Les mots ont un effet encore plus grave avec Macy. Une idylle est à nouveau amorcée, elle lui glisse en souriant : « I think you’re somebody I can really talk to ». Loin des paroles lyriques et mises en scène du dragueur, elle se confie à lui en toute sincérité, n’hésitant pas à dévoiler certaines blessures. L’homme prend peur et s’enfuit. Le destin le ramène cependant à elle plus tard dans la soirée : il rentre dans la chambre, entame un nouveau monologue pour présenter ses excuses... et réaliser qu’elle s’est suicidée avec ses médicaments. Même si l’acte a eu lieu, hors-champ, avant la scène, à l’image l’effet est celui-là : ce sont les mots de Paul qui l’ont endormie pour toujours. Encore plus tard, il rencontre la serveuse Julie (Teri Garr), qui lui confie être séduite parce qu’il tient sa parole : « You said that you were gonna come back and you did. In these days, that is something to be commended and rewarded ». Paul s’enfuira encore, se sentant pris au piège comme les souris de cet appartement, ou comme l’homme dont le sexe est mordu par un requin dans un dessin grossier sur le mur des toilettes. Cette dernière image peut également renvoyer à la figure humaine dans la grotte de Lascaux ; un avatar préhistorique pour notre héros que ni les ordinateurs ni les paroles viriles ne peuvent sauver. Avec Gail (Catherine O’Hara), la communication reste cassée puisqu’elle empêche de passer un appel téléphonique en lui lâchant des faux numéros jusqu’à ce qu’il perde la tête. Elle lui promet de le reconduire chez lui, mais décide de le condamner au lynchage : elle utilise les haut-parleurs de son camion à glace pour ramener tout le quartier à ses trousses. Les mots de Paul endorment les princesses, ceux de Gail semblent pouvoir réveiller les monstres et les diriger contre le pauvre homme.

Sans doute déboussolé par toutes ces rencontres féminines, notre Ulysse new-yorkais se tourne alors vers une présence masculine et parvient à s’incruster chez un passant qui a tout l’air d’un homosexuel refoulé. Au bord de l’hystérie, il entame un nouveau monologue enivré pour raconter toutes les péripéties vécues cette nuit-là, aidé par des fondus enchainés qui accélèrent le récit. Les contre-champs, irrésistibles, présentent son hôte, impassible, levant parfois les yeux au ciel. Sa descente aux enfers ne peut même pas, en étant racontée, susciter de l’empathie, seulement l’ennui et l’indifférence. Restent une dernière rencontre et une conclusion implacable avec June (Verna Bloom) dans le club Berlin. Paul devient littéralement la statue qu’il avait aidé à élaborer chez Kiki.

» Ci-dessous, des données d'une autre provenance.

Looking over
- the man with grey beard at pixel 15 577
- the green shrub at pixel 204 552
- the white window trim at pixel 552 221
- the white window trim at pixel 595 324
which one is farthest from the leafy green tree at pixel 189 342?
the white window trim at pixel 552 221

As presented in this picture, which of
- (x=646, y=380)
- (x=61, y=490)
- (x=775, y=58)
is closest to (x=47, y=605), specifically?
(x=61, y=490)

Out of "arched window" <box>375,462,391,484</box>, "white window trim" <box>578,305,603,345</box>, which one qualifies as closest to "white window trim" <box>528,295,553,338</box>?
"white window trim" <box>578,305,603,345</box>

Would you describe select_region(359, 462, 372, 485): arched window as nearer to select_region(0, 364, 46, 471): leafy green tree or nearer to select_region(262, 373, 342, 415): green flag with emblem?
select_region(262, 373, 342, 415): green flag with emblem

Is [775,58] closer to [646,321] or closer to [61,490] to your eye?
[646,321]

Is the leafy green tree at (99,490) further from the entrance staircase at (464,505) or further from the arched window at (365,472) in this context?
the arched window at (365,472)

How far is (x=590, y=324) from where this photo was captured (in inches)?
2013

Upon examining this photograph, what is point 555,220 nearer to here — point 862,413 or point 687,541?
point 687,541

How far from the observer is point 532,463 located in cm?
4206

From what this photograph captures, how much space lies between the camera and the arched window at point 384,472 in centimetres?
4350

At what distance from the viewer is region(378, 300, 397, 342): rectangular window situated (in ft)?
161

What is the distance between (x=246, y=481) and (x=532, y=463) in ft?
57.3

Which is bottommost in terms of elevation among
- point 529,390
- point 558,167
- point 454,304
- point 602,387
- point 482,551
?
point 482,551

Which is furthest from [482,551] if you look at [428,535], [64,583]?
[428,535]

Immobilisé, il demande à son interlocutrice de le faire sortir de là, mais reçoit le coup fatal porté à son verbe viril : elle lui colle un papier sur la bouche. Lui qui avait cru reconnaitre dans la sculpture initiale Le Cri d'Edvard Munch, est désormais condamné ironiquement au silence. Cette statue humaine trouve également un écho avec les fameuses images de Pompéi. Bien loin d’un Ulysse séducteur, le pauvre homme ressemble alors plutôt à un de ces anonymes pétrifiés dans le silence et l’immobilité pour l‘éternité. Loin du volcan et toute sa symbolique amoureuse, il suffit de quelques rencontres féminines apparemment anodines pour le rendre muet. La boucle est bouclée, le dragueur a perdu ses mots. Ultime ironie d'After Hours : au terme de son odyssée étourdissante, il revient malgré tout à son Ithaque, non pas une maison et une famille, mais son bureau et son travail. La dernière image montre un dernier acte de communication, de la machine vers l’humain, comme si cette fois l’ordinateur décrypte son utilisateur : « Good Morning, Paul ».